- _Aim of the task_
Your reply should set down word for word each line below from the one with "a man grabs" through the final line, both included, but none of the pictures.

- _Available data_
▽

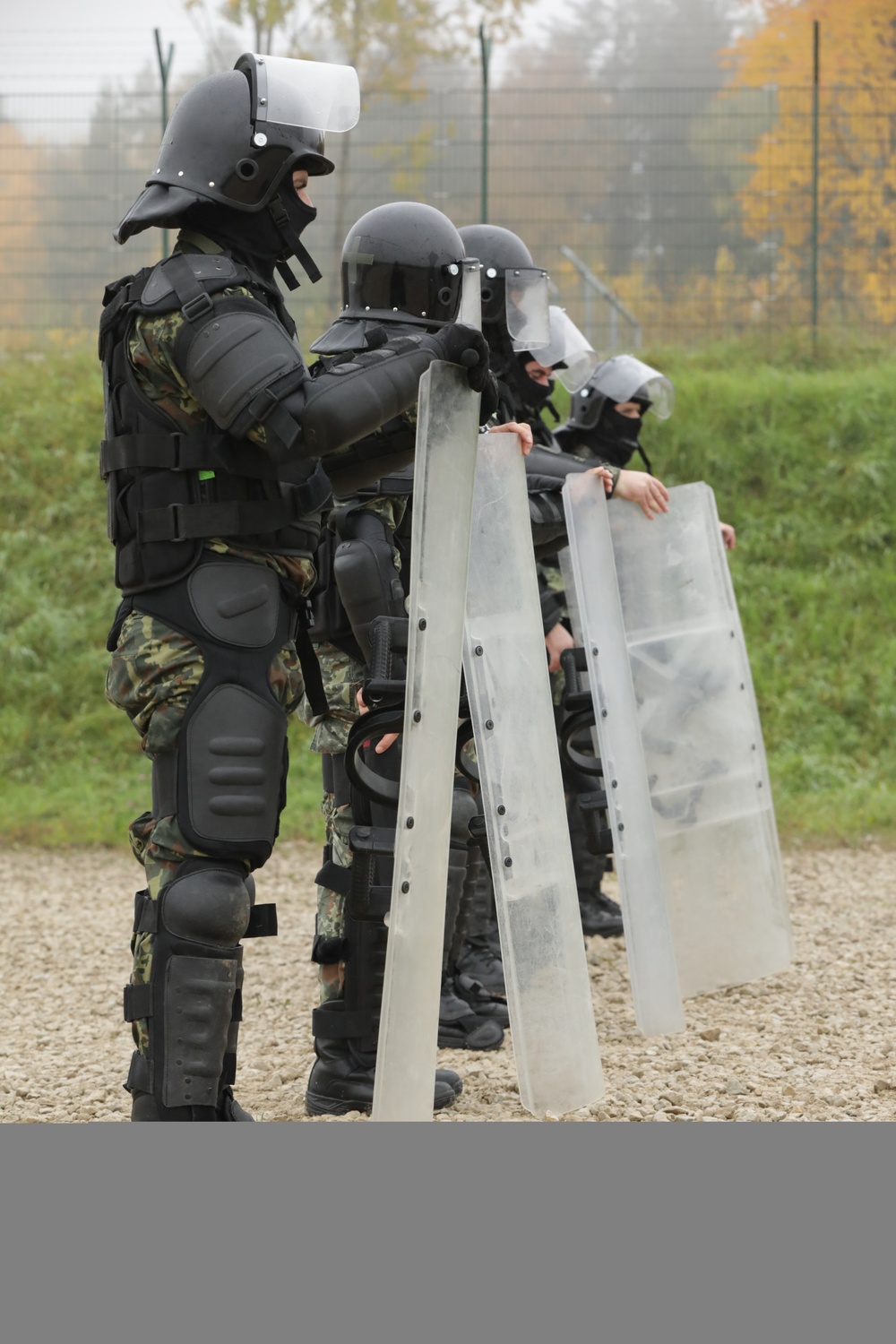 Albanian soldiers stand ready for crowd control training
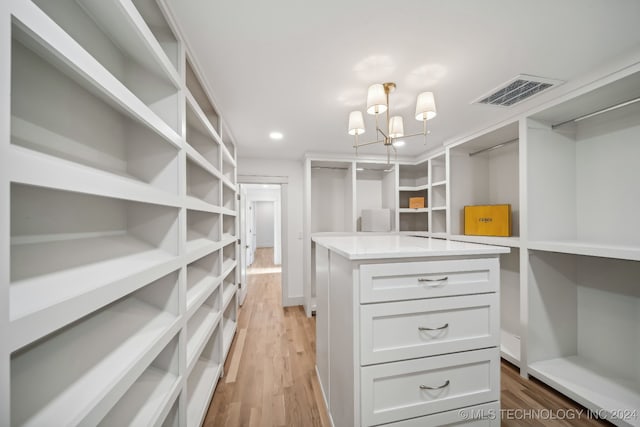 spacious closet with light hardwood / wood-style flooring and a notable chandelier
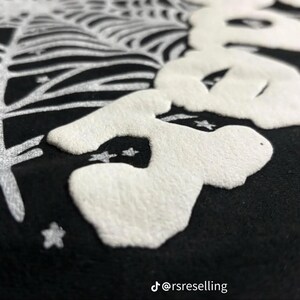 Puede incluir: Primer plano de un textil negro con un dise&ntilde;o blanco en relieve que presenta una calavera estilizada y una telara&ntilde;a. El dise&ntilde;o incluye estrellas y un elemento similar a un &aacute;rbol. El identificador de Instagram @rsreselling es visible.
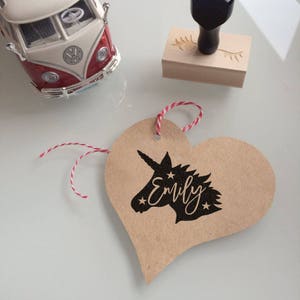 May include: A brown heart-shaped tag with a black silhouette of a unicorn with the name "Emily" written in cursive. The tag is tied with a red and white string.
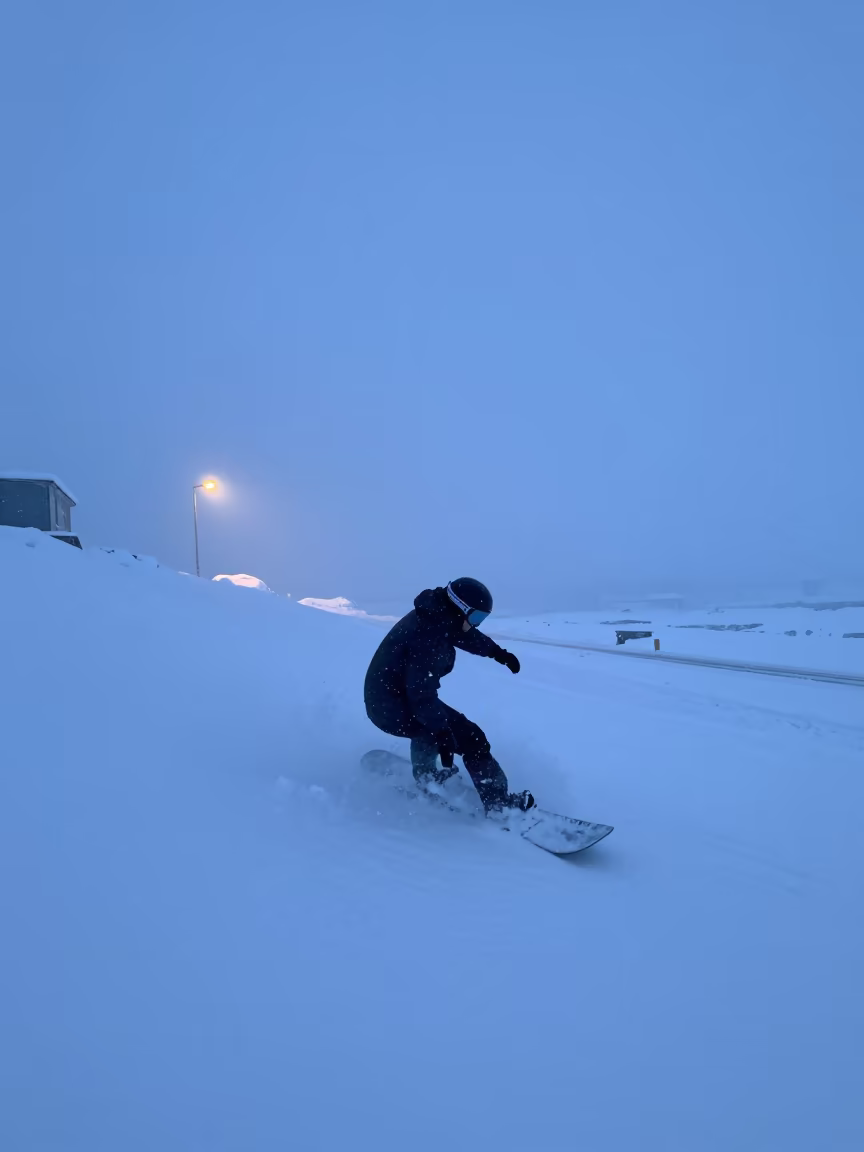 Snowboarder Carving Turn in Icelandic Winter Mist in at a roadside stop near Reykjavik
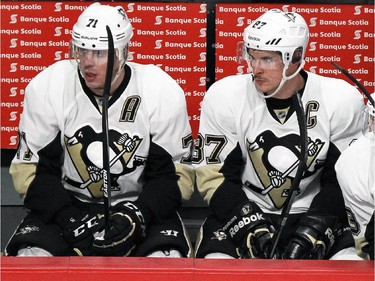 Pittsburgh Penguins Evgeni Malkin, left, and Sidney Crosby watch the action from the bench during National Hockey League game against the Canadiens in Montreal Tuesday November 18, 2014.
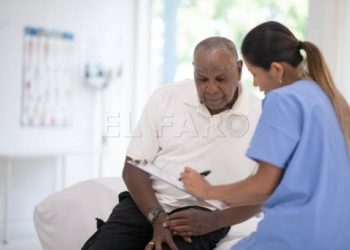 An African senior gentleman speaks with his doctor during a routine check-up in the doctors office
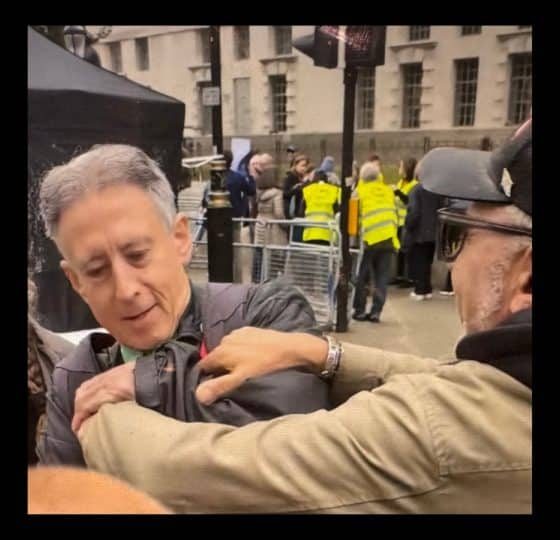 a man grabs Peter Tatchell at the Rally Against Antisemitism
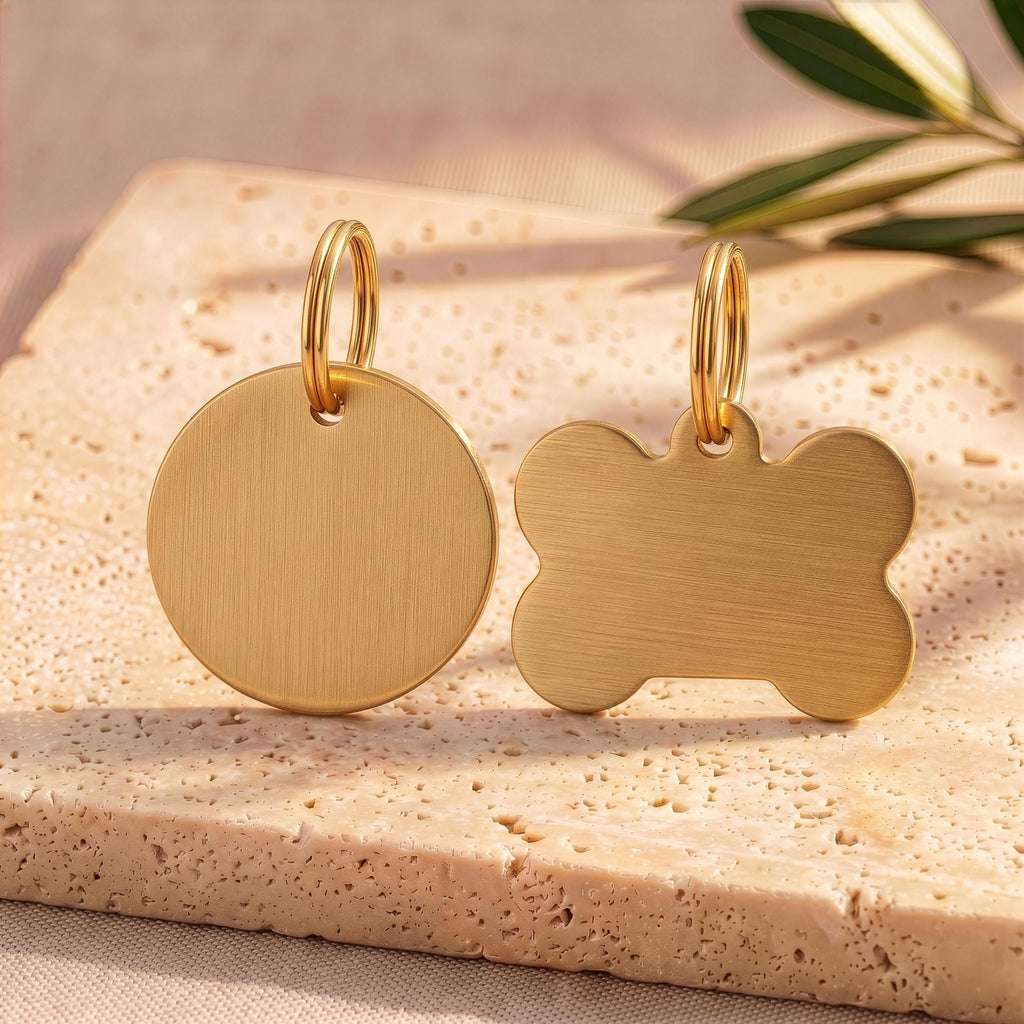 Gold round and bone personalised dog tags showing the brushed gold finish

△

- _Task solution_
 a man grabs Peter Tatchell at the Rally Against Antisemitism
 Gold round and bone personalised dog tags showing the brushed gold finish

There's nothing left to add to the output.